What you are asked to do: Write out only the tail of the records, beginning at the line containing "SWANSON, Dandelion Root, Mniszek" and including the last line, exactly as written.

(Data excerpts)

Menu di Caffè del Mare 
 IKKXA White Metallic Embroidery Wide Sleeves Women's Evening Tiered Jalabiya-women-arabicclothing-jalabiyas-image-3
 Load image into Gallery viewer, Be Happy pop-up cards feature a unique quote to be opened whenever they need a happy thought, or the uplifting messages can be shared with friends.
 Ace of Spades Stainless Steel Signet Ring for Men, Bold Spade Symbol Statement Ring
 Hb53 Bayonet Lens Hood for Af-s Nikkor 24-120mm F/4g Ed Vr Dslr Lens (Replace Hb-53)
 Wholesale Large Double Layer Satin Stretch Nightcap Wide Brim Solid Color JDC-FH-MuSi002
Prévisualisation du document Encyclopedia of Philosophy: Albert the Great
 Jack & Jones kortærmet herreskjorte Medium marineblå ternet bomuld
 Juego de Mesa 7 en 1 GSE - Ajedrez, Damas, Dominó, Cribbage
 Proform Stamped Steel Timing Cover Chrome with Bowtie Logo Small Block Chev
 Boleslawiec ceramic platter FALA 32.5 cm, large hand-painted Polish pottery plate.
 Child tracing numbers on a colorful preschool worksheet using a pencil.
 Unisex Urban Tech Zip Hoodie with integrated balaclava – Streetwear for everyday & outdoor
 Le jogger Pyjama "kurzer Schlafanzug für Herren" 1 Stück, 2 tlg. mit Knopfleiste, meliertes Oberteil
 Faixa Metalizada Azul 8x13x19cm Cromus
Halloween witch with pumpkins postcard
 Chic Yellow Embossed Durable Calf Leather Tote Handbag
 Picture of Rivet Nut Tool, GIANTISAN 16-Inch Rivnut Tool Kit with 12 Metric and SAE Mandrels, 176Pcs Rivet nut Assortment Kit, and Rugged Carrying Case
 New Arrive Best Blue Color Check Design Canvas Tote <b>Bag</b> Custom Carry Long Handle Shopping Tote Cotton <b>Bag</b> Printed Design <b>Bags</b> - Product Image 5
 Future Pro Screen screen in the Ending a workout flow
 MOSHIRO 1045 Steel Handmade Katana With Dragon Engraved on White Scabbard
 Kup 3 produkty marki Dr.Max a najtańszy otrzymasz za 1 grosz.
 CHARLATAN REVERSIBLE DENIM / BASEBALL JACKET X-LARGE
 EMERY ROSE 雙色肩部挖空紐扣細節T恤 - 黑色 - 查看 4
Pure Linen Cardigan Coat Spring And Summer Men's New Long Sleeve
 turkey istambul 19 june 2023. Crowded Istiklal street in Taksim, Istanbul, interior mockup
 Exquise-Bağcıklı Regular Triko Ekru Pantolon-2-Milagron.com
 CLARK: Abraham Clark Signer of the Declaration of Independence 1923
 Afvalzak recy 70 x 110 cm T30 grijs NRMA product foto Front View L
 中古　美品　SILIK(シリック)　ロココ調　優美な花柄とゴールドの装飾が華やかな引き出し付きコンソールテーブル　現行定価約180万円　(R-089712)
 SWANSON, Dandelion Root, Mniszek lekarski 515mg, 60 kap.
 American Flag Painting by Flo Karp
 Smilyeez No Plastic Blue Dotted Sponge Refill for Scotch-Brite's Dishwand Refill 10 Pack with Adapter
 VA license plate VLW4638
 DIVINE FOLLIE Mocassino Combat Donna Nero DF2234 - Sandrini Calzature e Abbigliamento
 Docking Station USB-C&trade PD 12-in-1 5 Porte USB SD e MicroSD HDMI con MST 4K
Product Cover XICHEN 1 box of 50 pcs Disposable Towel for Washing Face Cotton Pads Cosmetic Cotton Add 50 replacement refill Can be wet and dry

Written answer:
 SWANSON, Dandelion Root, Mniszek lekarski 515mg, 60 kap.
 American Flag Painting by Flo Karp
 Smilyeez No Plastic Blue Dotted Sponge Refill for Scotch-Brite's Dishwand Refill 10 Pack with Adapter
 VA license plate VLW4638
 DIVINE FOLLIE Mocassino Combat Donna Nero DF2234 - Sandrini Calzature e Abbigliamento
 Docking Station USB-C&trade PD 12-in-1 5 Porte USB SD e MicroSD HDMI con MST 4K
Product Cover XICHEN 1 box of 50 pcs Disposable Towel for Washing Face Cotton Pads Cosmetic Cotton Add 50 replacement refill Can be wet and dry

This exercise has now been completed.